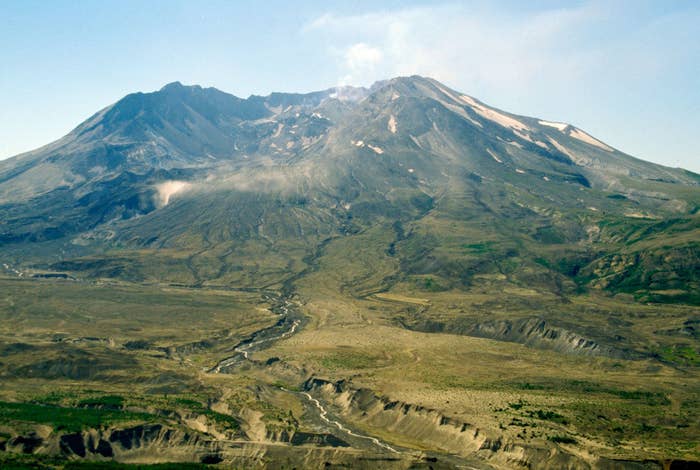 Mount St. Helens after the eruption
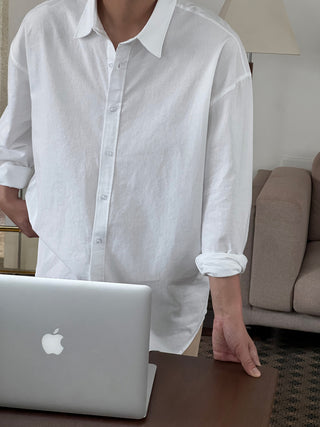 Dear Cotton Oversized Shirt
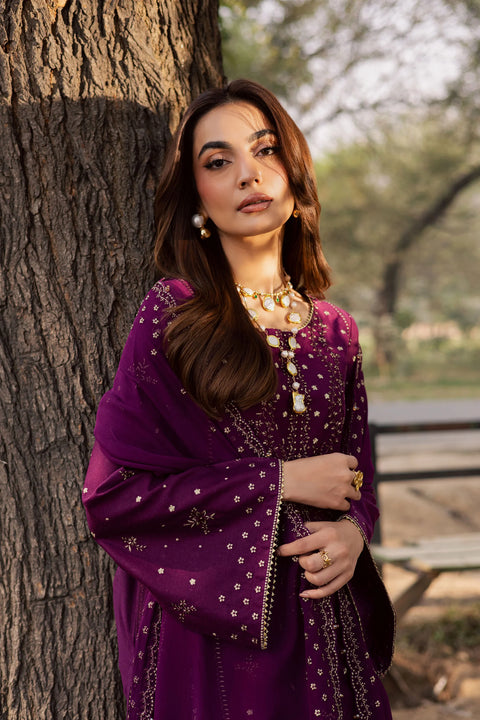 BATIK - 3PC LAWN EMBROIDERED SHIRT WITH CHIFFON EMBROIDERED DUPATTA AND TROUSER - Berlin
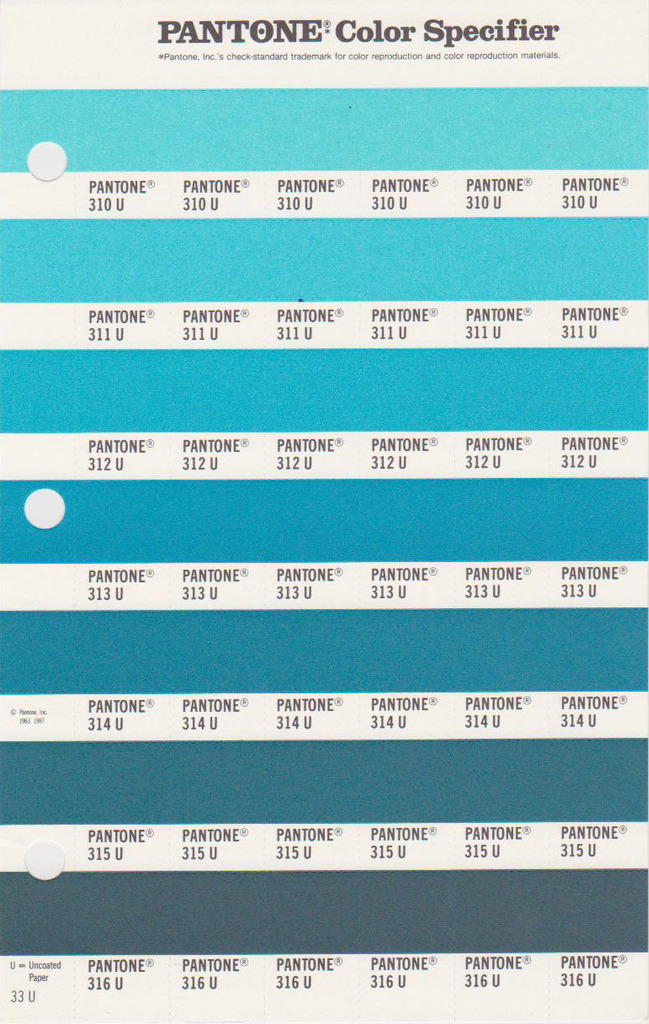 310u,311u,312u,313u,314u,315u,316u 33u pantone 单张 色卡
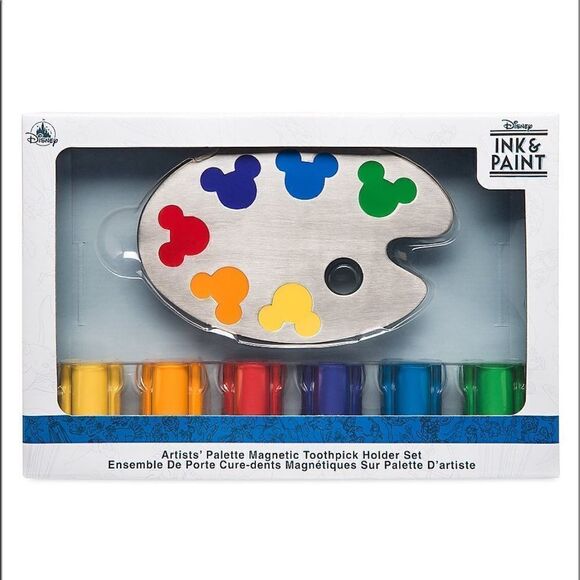 Disney Ink & Paint Magnetic Shot Glass Holder Set - Picture 2 of 2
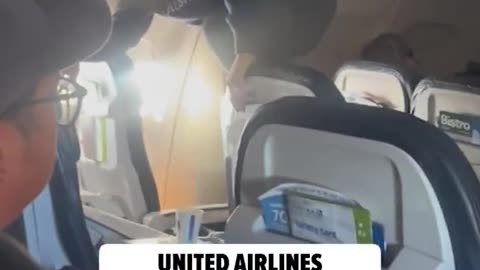 man tries destroying his airplane seat.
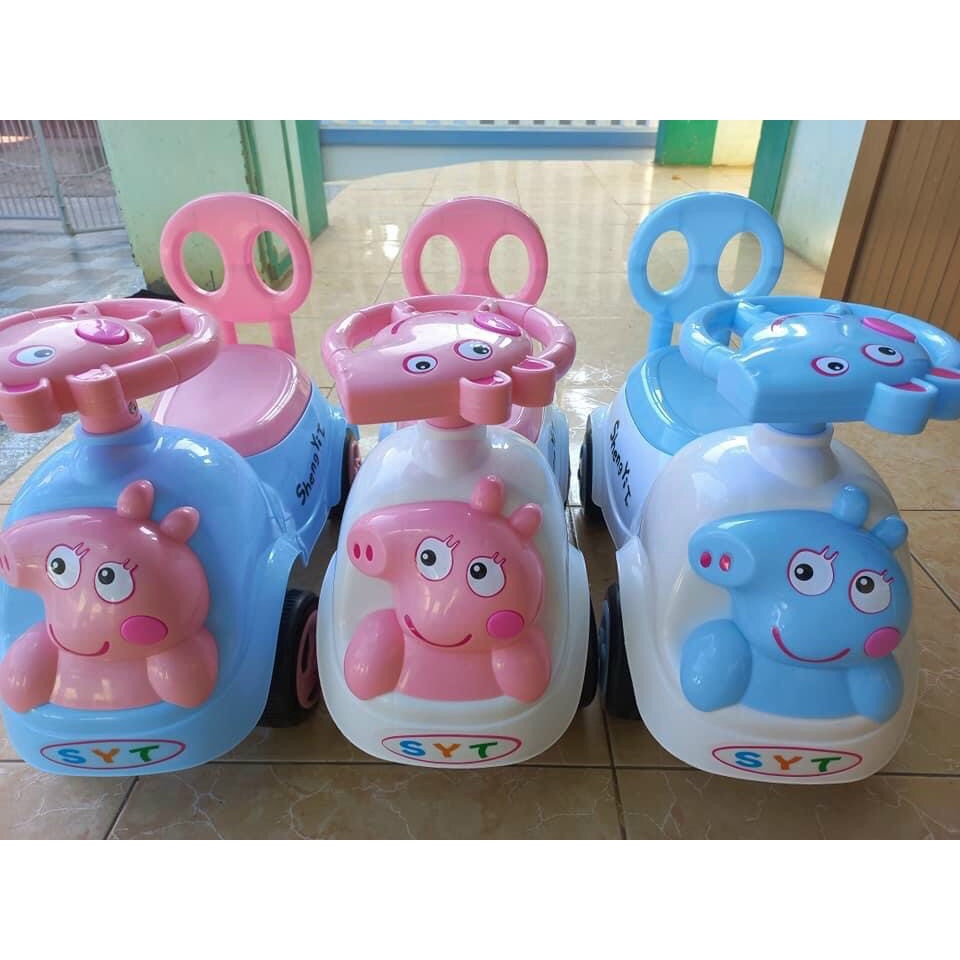 Xe chòi chân con heo ngộ nghĩnh có nhạc+còi cho bé từ 1-4 tuổi.BẢO HÀNH 1 NĂM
******
Retype the whole listing above exactly as written. Skip the pictures.

 Mount St. Helens after the eruption
 Dear Cotton Oversized Shirt
 BATIK - 3PC LAWN EMBROIDERED SHIRT WITH CHIFFON EMBROIDERED DUPATTA AND TROUSER - Berlin
 310u,311u,312u,313u,314u,315u,316u 33u pantone 单张 色卡
 Disney Ink & Paint Magnetic Shot Glass Holder Set - Picture 2 of 2
 man tries destroying his airplane seat.
 Xe chòi chân con heo ngộ nghĩnh có nhạc+còi cho bé từ 1-4 tuổi.BẢO HÀNH 1 NĂM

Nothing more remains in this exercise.